I have kernel 3-8-8. I heard it was fixed in kernel 3.11, and also that it wasn't for some cards anyhow.
@ponce: Duly noted about kernel 3.12.6. It seems you have rev 06, and I have rev09 of the card (lcpci -n reports 10ec:8168) I'll go there asap.
@Didier I tried that driver this morning. It wants asm/system.h and is very insistent about it. I even tried fooling it with some other system.h but it wouldn't have it. I gather I have to go back to 2.x kernels for that. Somebody needs to tell Realtek. Thanks for the post, though. It was worth checking.
I can probably load the system with a fedora kernel if I get desperate. I ran fedora on the slackware kernel often.
@Didier I tried that driver this morning. It wants asm/system.h and is very insistent about it. I even tried fooling it with some other system.h but it wouldn't have it. I gather I have to go back to 2.x kernels for that.
You tried the wrong Realtek driver: r8169 6.017.00. That thing is unmaintained and for a different very old PCI NIC controller and doesn't support your PCIe NIC.
You need r8168 8.037. It compiles without modifications on Linux 3.10.17 included with Slackware 14.1. You also need to blacklist and remove the preinstalled r8169.ko from /lib/modules.
Long story short:
r8169 (from Linux 3.x) doesn't work with RTL8168/8111. It tries to, but fails.
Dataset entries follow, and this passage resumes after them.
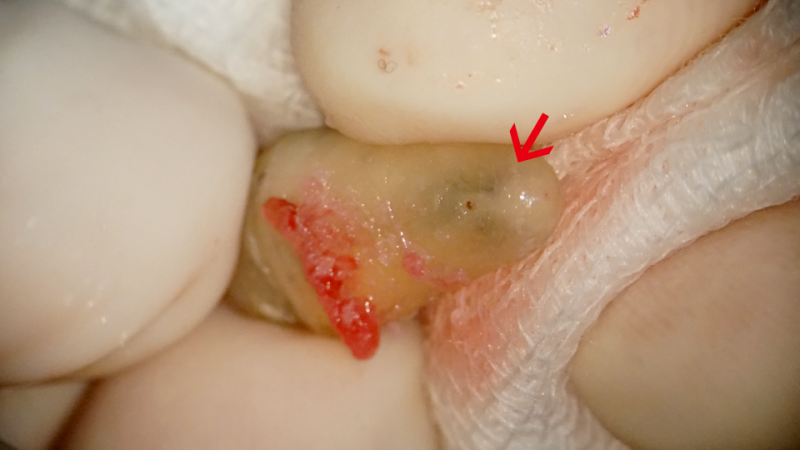 치아 뿌리 염증 원인 발견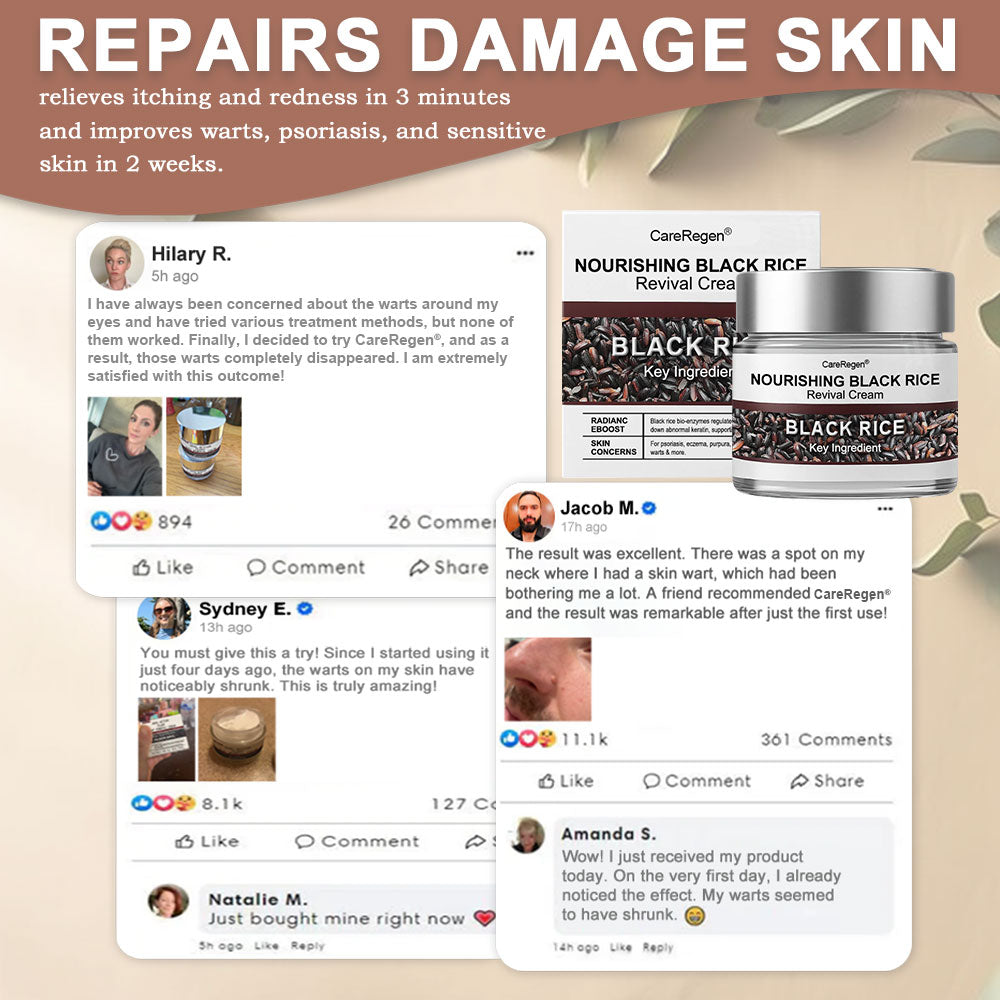 𝐂𝐚𝐫𝐞𝐑𝐞𝐠𝐞𝐧® N𝐨u𝐫i𝐬h𝐢n𝐠 𝐁l𝐚c𝐤 𝐑i𝐜e R𝐞v𝐢v𝐚l C𝐫e𝐚m 💫 | 𝐄f𝐟e𝐜t𝐢v𝐞 𝐨n p𝐬o𝐫i𝐚s𝐢s, 𝐞c𝐳e𝐦a, 𝐩u𝐫p𝐮r𝐚, s𝐮n𝐬p𝐨t𝐬, t𝐚g𝐬, w𝐚r𝐭s & b𝐞y𝐨n𝐝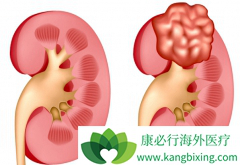 ����Щ�Ƚϳ�������������֢״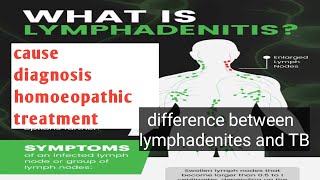 lymphadenites lymphadenitestypes cause diagnosis homoeopathictreatmenthomoeopathy [upl. by Nalla]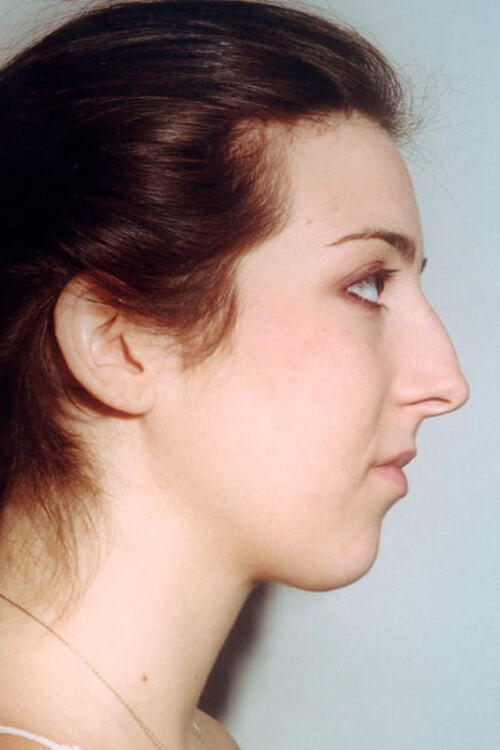 Neck & Face Liposuction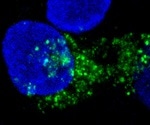 Study uncovers mechanism that triggers cancer cell death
I think it's maintained by someone, who doesn't have the real thing (hardware) available for driver development and testing. It mostly works with a RTL8169 PCI card (I have one for testing), but's also slow and network throughput isn't great.
r8169 (from Realtek) doesn't work in your case. It is for RTL8169 and won't even detect you NIC, it's for the PCI card. (I attached a patch to make that driver compile on Linux 3.10 for the case someone needs that.)
r8168 (from Realtek) should work flawlessly and deliver wire-speed.
I built the module (which built painlessly - thx Didier) and installed it umpteen times. It transpires that somehow I had _compiled_in_ the r8169 module :-//.
Kernel rebuilds are less painful on SSD. Now I'm going. The module is r8168.ko but identifies as r8169.ko in lspci anyhow which is unnerving.
There _is_no_r8169.ko. I had to recompile the kernel (because it was compiled in) and I left it out.
The situation is tetotally weird. r8168 is in place, and the card now works, which is powerful evidence for that.
lsmod |grep r816* shows a blank - no r8168 or r8169 :-O. Even just 'lsmod' and picking through draws a blank.
grepping modules.dep only shows the r8168
Yet lspci-v reports (with or without a connection on it)
Code:
01:00.0 Ethernet controller: Realtek Semiconductor Co., Ltd. RTL8111/8168 PCI Express Gigabit Ethernet controller (rev 09)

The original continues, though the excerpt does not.